Later between fourteenth and twentieth centuries (14-20 CE) kingdoms like Vijayanagara (ವಿಜಯನಗರ), Wadiyar (ಒಡೆಯರ್) and various Nayakas (ನಾಯಕರು) also encouraged others and, while themselves being good poets and writers, helped make the language a literary goldmine. The influence of Sanskrit lasted well into the better part of the twentieth century (20 CE).
Literary awards won by Kannada literature
During the intervening period between ninth and twentieth centuries Kannada as a language has undergone many changes in style, words, phraseology and grammar due to cultural as well as political influences during that period. The language has taken various forms and styles until now and they can be mainly classified as old Kannada, middle Kannada and modern Kannada.

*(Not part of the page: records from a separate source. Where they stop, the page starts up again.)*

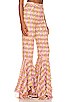 view 2 of 5 Flare Goldi Tweed Pant in Pink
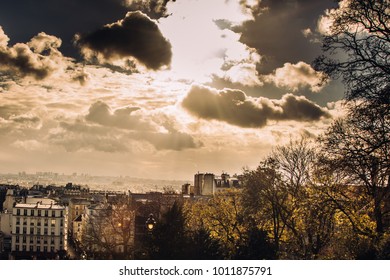 Cloud sky view from Monmart. Paris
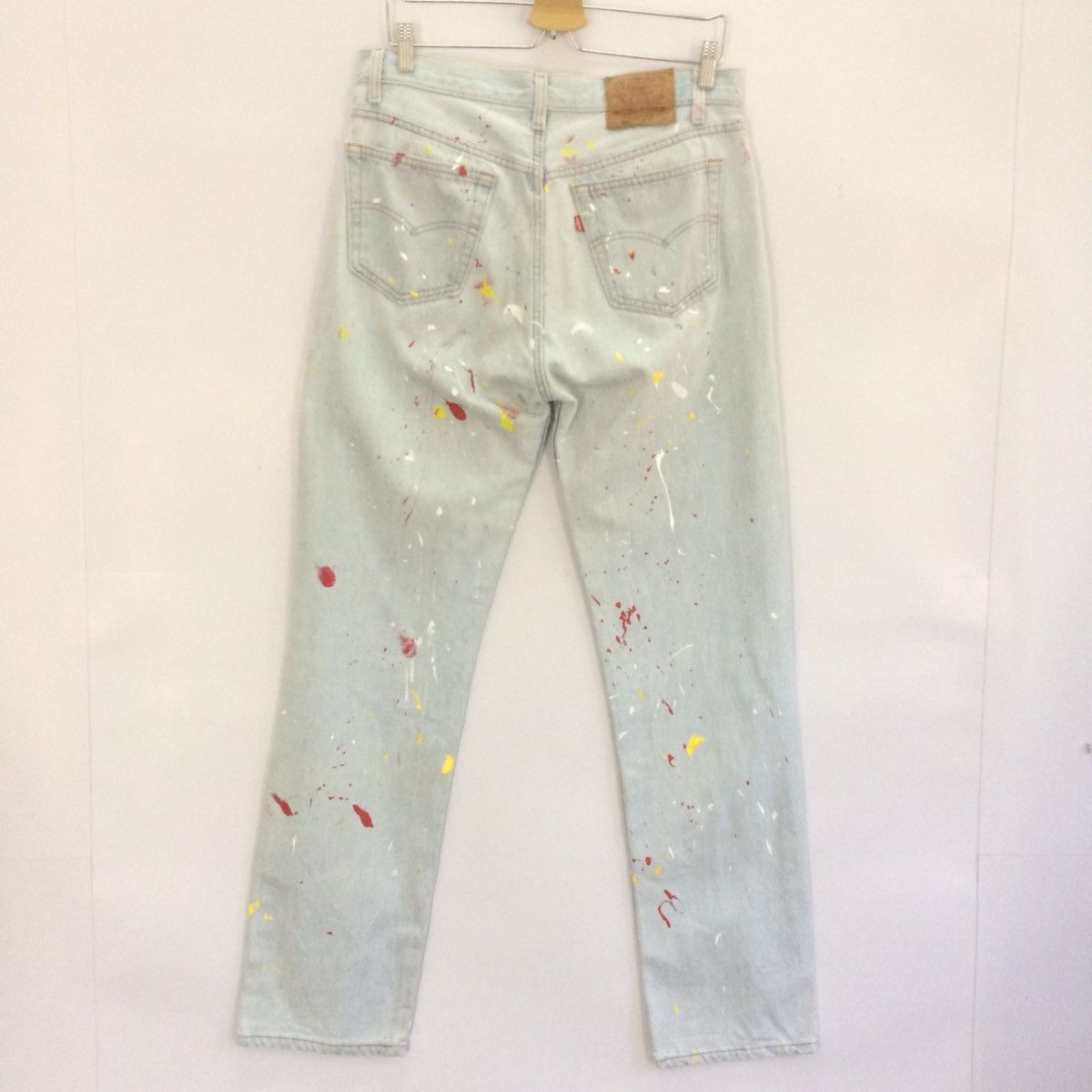 Levi's 80 Levi’s 501 Painted paint Helmut Lang style pants Size US 32 / EU 48 - 8 Thumbnail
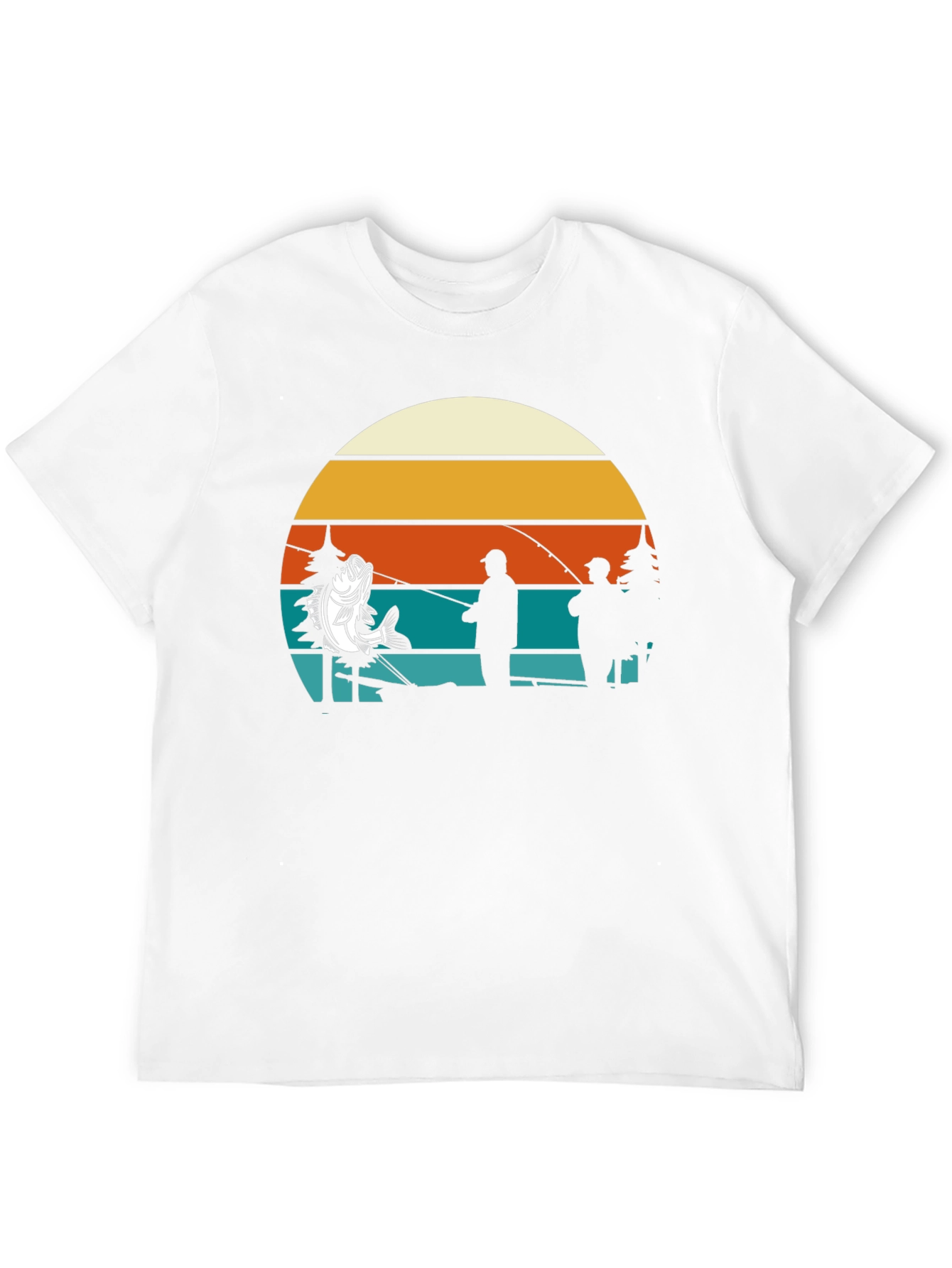 Fishing Retro Sunset T-Shirt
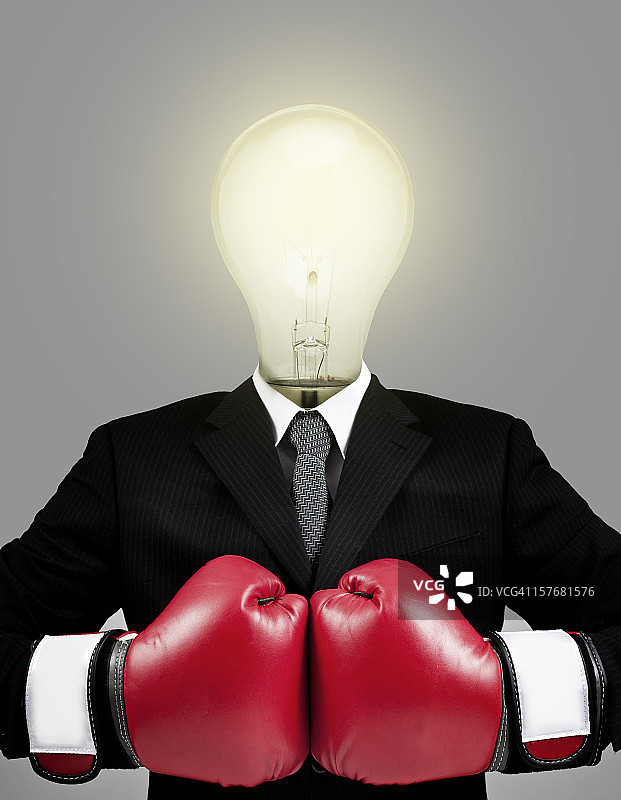 灯泡创意商人图片素材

As a testament to the richness of the literature produced in the language, Kannada literature and its authors have been honoured the most, 8 times until now, with Jnanapeetha Awards, making it the recipient of the highest number of awards among all the regional languages.
For a comprehensive understanding of the language, one needs to spend a lot more time reading up the hoary past of the land that we today know as Karnataka. I hope this short tour into the past of the language gives as peek at the tip of the linguistic iceberg we lovingly call as Kannada.